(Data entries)
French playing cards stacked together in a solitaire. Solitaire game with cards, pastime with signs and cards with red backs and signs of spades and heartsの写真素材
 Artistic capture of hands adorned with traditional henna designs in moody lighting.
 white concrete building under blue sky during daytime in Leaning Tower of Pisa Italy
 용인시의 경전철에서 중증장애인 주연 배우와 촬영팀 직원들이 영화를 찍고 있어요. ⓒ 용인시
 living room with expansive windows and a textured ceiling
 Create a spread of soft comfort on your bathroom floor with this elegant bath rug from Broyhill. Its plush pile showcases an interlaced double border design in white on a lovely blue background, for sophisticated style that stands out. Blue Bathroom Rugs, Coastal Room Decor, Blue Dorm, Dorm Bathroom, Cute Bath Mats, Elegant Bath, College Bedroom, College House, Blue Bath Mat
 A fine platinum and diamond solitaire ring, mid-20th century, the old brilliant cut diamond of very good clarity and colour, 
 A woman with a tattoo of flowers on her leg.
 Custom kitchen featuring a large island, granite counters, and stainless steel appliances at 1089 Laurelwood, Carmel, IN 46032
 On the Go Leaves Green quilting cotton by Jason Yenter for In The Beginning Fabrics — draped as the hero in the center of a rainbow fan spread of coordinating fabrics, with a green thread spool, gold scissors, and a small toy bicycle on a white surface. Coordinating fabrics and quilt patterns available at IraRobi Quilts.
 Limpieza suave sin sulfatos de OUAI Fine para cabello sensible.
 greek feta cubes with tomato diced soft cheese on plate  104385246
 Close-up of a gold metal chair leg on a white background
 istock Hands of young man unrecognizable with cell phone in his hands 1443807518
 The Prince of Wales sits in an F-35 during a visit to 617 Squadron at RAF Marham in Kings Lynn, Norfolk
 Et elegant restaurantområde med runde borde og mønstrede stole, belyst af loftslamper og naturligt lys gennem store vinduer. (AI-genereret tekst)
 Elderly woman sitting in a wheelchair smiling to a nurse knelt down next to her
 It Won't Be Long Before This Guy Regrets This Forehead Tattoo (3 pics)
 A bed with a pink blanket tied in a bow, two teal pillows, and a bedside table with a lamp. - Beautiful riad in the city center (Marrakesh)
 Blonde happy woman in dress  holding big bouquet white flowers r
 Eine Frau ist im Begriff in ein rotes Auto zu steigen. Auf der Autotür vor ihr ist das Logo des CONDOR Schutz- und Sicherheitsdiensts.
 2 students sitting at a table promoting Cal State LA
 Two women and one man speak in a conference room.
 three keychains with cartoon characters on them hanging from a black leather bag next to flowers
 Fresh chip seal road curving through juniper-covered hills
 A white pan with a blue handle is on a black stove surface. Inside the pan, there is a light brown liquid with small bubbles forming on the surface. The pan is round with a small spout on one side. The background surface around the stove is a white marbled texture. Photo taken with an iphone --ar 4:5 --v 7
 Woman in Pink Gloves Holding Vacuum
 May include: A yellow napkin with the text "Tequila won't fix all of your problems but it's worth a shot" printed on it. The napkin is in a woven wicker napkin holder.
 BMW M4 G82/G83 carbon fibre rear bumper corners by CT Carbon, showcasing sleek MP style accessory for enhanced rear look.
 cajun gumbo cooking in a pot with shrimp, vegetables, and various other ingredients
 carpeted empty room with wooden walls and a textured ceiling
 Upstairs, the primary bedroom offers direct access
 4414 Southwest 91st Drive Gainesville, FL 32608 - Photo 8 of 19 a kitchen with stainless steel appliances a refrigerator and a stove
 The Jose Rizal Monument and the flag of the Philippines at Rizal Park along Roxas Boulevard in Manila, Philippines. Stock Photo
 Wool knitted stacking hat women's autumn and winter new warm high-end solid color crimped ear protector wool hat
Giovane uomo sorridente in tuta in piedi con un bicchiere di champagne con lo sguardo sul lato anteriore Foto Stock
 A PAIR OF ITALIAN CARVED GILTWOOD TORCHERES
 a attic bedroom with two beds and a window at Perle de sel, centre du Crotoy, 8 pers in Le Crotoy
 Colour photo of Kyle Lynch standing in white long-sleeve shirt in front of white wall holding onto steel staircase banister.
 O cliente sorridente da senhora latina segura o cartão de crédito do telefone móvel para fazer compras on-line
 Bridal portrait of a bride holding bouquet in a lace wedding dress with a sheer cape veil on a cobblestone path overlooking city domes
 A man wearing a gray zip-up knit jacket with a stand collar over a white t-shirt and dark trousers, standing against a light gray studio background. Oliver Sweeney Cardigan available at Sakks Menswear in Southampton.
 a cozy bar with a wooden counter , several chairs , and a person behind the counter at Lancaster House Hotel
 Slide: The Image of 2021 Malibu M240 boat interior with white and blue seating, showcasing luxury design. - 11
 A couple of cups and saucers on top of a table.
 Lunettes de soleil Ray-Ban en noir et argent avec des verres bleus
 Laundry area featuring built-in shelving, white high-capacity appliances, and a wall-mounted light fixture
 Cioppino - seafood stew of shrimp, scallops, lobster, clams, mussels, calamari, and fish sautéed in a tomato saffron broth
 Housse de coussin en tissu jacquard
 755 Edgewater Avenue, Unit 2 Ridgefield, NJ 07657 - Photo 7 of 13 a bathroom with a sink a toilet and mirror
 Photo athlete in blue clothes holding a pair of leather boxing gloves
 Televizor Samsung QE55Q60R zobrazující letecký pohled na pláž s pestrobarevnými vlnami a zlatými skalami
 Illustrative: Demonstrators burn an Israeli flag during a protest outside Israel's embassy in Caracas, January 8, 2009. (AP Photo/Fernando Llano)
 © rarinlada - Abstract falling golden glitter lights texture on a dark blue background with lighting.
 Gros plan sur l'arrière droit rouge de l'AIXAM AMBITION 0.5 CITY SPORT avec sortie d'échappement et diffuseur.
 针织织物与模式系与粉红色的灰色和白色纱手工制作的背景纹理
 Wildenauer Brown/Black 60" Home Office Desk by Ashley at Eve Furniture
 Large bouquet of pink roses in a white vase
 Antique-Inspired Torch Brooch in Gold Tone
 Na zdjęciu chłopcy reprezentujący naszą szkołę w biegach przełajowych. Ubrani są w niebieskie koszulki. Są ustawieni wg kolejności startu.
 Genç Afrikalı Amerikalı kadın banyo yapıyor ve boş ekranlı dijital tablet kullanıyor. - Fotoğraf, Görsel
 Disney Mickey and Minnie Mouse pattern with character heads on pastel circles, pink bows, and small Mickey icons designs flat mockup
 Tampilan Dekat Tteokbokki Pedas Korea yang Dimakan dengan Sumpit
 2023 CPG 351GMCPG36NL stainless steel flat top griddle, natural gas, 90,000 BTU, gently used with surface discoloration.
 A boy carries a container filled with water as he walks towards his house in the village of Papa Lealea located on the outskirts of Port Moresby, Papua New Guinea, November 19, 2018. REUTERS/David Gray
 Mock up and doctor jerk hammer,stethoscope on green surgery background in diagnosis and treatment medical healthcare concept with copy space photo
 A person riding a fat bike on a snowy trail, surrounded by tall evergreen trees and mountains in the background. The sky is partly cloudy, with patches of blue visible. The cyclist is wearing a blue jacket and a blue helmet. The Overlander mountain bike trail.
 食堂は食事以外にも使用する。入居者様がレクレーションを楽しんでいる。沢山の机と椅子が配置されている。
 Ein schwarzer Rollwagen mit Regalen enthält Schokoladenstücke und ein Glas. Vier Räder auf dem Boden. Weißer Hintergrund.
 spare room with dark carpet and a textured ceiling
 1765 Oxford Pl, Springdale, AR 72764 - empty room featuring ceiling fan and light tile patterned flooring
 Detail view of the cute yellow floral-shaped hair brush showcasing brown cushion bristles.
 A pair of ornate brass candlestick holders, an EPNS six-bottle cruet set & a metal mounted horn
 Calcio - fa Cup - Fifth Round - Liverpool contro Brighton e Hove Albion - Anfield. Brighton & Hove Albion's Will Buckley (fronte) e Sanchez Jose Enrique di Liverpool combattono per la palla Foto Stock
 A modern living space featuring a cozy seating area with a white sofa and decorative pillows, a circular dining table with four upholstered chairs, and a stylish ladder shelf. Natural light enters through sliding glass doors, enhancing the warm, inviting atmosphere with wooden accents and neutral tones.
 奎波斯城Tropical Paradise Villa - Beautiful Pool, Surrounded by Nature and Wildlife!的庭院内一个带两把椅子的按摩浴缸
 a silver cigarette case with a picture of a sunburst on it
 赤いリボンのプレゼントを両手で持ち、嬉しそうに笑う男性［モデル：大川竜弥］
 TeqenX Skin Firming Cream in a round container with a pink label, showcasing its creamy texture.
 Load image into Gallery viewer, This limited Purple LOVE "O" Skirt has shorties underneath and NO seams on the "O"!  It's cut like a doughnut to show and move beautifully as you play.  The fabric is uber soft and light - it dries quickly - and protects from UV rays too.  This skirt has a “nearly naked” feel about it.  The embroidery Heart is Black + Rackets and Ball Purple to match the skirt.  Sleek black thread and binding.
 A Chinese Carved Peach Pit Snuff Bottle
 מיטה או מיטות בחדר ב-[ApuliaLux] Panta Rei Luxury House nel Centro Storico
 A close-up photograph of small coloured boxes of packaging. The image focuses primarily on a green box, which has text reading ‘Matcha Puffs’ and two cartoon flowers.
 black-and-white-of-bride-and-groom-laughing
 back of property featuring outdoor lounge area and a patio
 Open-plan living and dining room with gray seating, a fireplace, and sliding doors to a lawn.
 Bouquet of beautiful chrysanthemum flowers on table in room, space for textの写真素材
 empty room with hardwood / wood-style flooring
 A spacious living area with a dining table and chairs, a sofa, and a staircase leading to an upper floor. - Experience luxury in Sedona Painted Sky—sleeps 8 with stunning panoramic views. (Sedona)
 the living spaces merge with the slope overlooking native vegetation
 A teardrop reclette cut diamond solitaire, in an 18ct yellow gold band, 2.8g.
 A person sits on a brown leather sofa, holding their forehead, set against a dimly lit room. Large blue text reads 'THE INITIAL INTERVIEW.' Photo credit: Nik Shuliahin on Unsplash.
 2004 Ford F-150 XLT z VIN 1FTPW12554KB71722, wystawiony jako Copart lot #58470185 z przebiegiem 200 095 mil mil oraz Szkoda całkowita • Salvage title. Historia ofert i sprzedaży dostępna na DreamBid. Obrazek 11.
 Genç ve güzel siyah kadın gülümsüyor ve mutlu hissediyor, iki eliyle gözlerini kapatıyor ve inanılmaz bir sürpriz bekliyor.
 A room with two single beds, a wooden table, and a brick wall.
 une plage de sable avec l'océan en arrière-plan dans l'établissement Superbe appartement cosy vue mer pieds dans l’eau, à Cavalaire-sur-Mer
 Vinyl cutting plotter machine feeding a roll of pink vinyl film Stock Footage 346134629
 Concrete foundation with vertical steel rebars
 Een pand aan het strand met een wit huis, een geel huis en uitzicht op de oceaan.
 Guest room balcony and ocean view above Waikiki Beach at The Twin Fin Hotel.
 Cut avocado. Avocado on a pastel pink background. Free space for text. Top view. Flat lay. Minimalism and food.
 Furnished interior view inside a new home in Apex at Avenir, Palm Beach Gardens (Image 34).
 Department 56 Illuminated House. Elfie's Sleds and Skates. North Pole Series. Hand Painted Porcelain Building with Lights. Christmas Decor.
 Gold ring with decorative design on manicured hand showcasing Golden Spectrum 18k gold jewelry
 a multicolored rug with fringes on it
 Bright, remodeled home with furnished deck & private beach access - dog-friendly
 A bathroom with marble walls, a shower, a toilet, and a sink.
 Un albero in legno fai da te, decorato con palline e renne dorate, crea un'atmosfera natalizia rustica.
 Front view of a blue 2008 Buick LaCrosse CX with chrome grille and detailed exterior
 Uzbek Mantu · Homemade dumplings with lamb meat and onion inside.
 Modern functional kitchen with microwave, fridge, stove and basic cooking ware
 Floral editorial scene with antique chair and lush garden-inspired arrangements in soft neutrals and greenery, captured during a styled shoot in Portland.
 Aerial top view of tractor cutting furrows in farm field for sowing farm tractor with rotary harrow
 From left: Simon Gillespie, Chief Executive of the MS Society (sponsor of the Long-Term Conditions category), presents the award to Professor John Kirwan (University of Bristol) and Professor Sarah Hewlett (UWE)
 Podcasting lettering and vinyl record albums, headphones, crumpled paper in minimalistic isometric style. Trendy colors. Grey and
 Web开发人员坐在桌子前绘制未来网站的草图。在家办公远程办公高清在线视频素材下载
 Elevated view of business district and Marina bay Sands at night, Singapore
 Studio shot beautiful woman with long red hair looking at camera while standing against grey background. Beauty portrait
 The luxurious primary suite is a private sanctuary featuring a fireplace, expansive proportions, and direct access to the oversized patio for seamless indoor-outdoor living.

* What the task asks:
All lines above from the one with "A person sits" to the one with "Guest room balcony", inclusive, should be copied exactly, and no other lines.

* Exercise answer:
 A person sits on a brown leather sofa, holding their forehead, set against a dimly lit room. Large blue text reads 'THE INITIAL INTERVIEW.' Photo credit: Nik Shuliahin on Unsplash.
 2004 Ford F-150 XLT z VIN 1FTPW12554KB71722, wystawiony jako Copart lot #58470185 z przebiegiem 200 095 mil mil oraz Szkoda całkowita • Salvage title. Historia ofert i sprzedaży dostępna na DreamBid. Obrazek 11.
 Genç ve güzel siyah kadın gülümsüyor ve mutlu hissediyor, iki eliyle gözlerini kapatıyor ve inanılmaz bir sürpriz bekliyor.
 A room with two single beds, a wooden table, and a brick wall.
 une plage de sable avec l'océan en arrière-plan dans l'établissement Superbe appartement cosy vue mer pieds dans l’eau, à Cavalaire-sur-Mer
 Vinyl cutting plotter machine feeding a roll of pink vinyl film Stock Footage 346134629
 Concrete foundation with vertical steel rebars
 Een pand aan het strand met een wit huis, een geel huis en uitzicht op de oceaan.
 Guest room balcony and ocean view above Waikiki Beach at The Twin Fin Hotel.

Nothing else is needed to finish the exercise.